What I've been doing, here, is trying to calculate what are known as "moving averages."  Moving averages are a terrific way of smoothing erratic data and looking at longer-term trends.  It's a handy tool for taking a look at stock trends, polling data, all sorts of collections of numbers where you're interested in how they change over time.  I've noticed that the Iditarod speed numbers are more consistent than what we'd seen in the Quest and it occurred to me that they might be calculating moving averages on speed (although when they're stopped, they're stopped) as a way of smoothing the speed numbers.  If they are, I can't see it, since the speed numbers all seem to be on the high side of what I'm calculating (you wouldn't see a consistent bias in an average like that).

So, the next candidate is weighting.  Trackleaders knows that since they're calculating speed based on the distance between two points and a racer is never traveling on a perfectly straight line, they need to do something to correct for underestimating the distance traveled and therefore underestimating the speed.  So, they increase the distance by about 7%, or basically multiplying the distance times 1.07.  Is that what IonEarth is doing?  Back to the calculator!  Let's see if the speed calculations are consistently high by some percentage.

So, the tracker says he traveled at 8.4 mph from 10:20 to 10:30.  Based on the straight-line distance he traveled at 8.1 mph.  In other words, the tracker says he traveled about 4% faster than my calculations.  From 10:10 to 10:30 he traveled 1.4 miles.  The tracker says he was traveling 7.7 mph, and by my calculation he was traveling 8.4 mph.  Whoa!  That's off in the other direction, so clearly they're not weighting.

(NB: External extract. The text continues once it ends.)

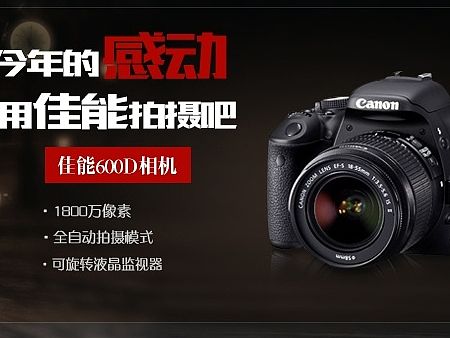 佳能banner（个人主页-ZMTQxMjcyMDA=） - 运营设计 - 站酷设计师阿郭原创素材 - 站酷ZCOOL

So, so far it's not really clear where the speed calculations are coming from, by just looking at the data being provided to us.  However, my best guess at this moment would be that the GPS is actually taking location readings more often and using those to calculate speed, but the only locations they're displaying on the map are 10 minutes apart.  One of the primary issues here is preserving the battery, and I think it would almost certainly use less power to calculate the speed on the GPS device than it would to uplink the additional data.  If this is what's going on it's another example of excellent hardware engineering on the part of IonEarth.

Tuesday, March 6, 2012

You know what would be pretty great?

If IonEarth had some predefined sets of mushers, so you could choose one menu item to see all the rookies (the rookie race is a major race-within-a-race), the women, the Canadians, etc.  There are a few subsets of the racers that group together naturally and that we're trying to sort through.  What groupings would you like to see?